Erstens fällt uns das Aufstehen um 5:45 Uhr deutlich schwerer nach dem nächtlichen Geräuscheraten. Denn hier ist echt viel los. Da haben wir zum Beispiel Frösche am Wasserloch, die nach Eintritt der Dunkelheit den Vorrat an täglichen Quaklauten raushauen. Hinzu kommen diverse Vögel, die entweder noch nicht gezwitschert haben oder nun den Fröschen eine klare Ansage machen wollen. Angeblich sind wir laut Guide mindestens einmal von einem Löwen und diversen Schakalen geweckt worden. Es ist zwar nicht so, dass unser Guide auch noch die Nacht mit uns verbringt, auch wenn das Bett groß genug wäre, aber hier im Busch gilt: Was einer im Camp nachts hört, hören alle. 

Entsprechend mies war die Laune bei Georg nach dem Weckerklingeln, der gleich alles verfluchte inklusive seiner blöden Eltern, die ihn nie in seinem Leben ausschlafen ließen. Kinder können so schön nörgelig sein. Auch Swen schlief noch halb, als er sich in die acht Lagen Kleidung schälte und warf immer wieder einen sehnsüchtigen Blick zu seinem Kopfkissen. Nur ich war in freudiger Erwartung auf die Morgensafari und konnte es kaum erwarten. Für morgen muss ich mir zur morgendlichen Motivation was einfallen lassen, sonst werde ich noch im Nachthemd vor die Tür gestellt. 

Das Einzigste, was uns allen ein Lächeln ins Gesicht zauberte, war die pralle, heiße Wärmflasche, die wir vor dem Besteigen unseres Jeeps in die Hand gedrückt bekamen. So eine Kunststoff-Wärmflasche wie wir sie alle kennen, macht auf einer morgendlichen Safari echt den Unterschied zwischen warmen Beinen und erfrorenen Gliedmaßen jeglicher Art. 

Und so ging es wieder los, zuerst durch das Tor vom Außenzaun und dann durch die zwei Tore zum Safarigebiet. Viele haben gefragt, und Swen auch an die hundert Male, ob wir nicht Angst haben müssen, dass der Löwe uns im Camp frisst. Nach diesen Toren, die teils über einen Bewegungsmelder funktionieren, was ich schon wieder witzig finde, fühlt man sich wie bei der Einfahrt in Jurassic Parc und ich wäre dafür, dass die entsprechende Musik eingespielt wird, wenn man hindurch fährt. 

Warum der Bewegungsmelder aber nun nur von Autos ausgelöst wurde und nicht von neugierigen Löwen oder Elefanten kann ich wirklich nicht erklären. 

Tja und warum sollte man so einen Safarimorgen anders als mit Löwen beginnen?
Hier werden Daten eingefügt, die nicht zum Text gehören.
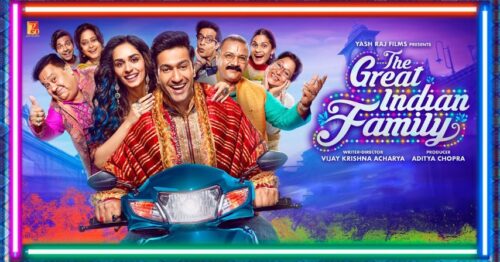 The Great Indian Family Movie Review The Great Indian Family Movie,The great Indian Family story,The Great Indian Family Movie Review,The Great Indian Family Box Office,Manushi Chhillar Age,Manushi Chhillar Net Worth,Manushi Chhillar Movies,The great Indian Family Cast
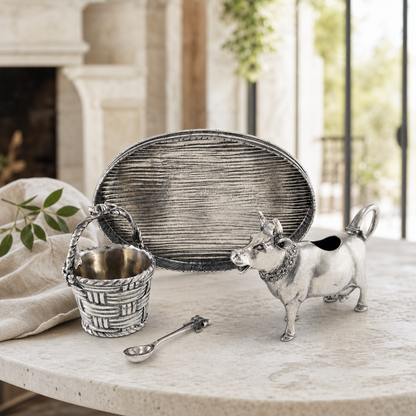 Mabel Cow Creamer Set 2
Gibt keinen Grund und so sichteten wir als erstes ein schon agiles Männerduo. 

Danach folgten die Giraffen im Nebel, die darin genauso mystisch wie Gorillas aussehen. 

Was übrigens einen hervorragenden Guide von einem guten Guide unterscheidet, sieht man schlicht an meinen Fotos. Während ich im Addo teils nicht mal genügend Zeit hatte, um die richtigen Einstellungen zu wählen, bevor der Guide schon wieder das Auto startete, so habe ich hier nicht nur genügend Zeit für all das, sondern stelle immer wieder fest, dass der Guide sowohl auf meinen idealen Blickwinkel, als auch den Stand der Sonne und die Position der Tiere achtet. So kann ich die Fotos meines Lebens schießen und glaubt mir, ihr bekommt nur eine kleine Schnellauswahl ohne dass ich die Bilder großartig bearbeite. Hab hier nämlich schlicht keine Zeit dafür. Aber ich liebe diese Bilder und ich könnte mich hier wochenlang austoben. Meine Bewerbungen als Wildlife-Fotograf läuft, allerdings bräuchte ich dafür tatsächlich noch mehr Ausstattung. Und das wo Swen schon immer schimpft, was er alles schleppen muss. 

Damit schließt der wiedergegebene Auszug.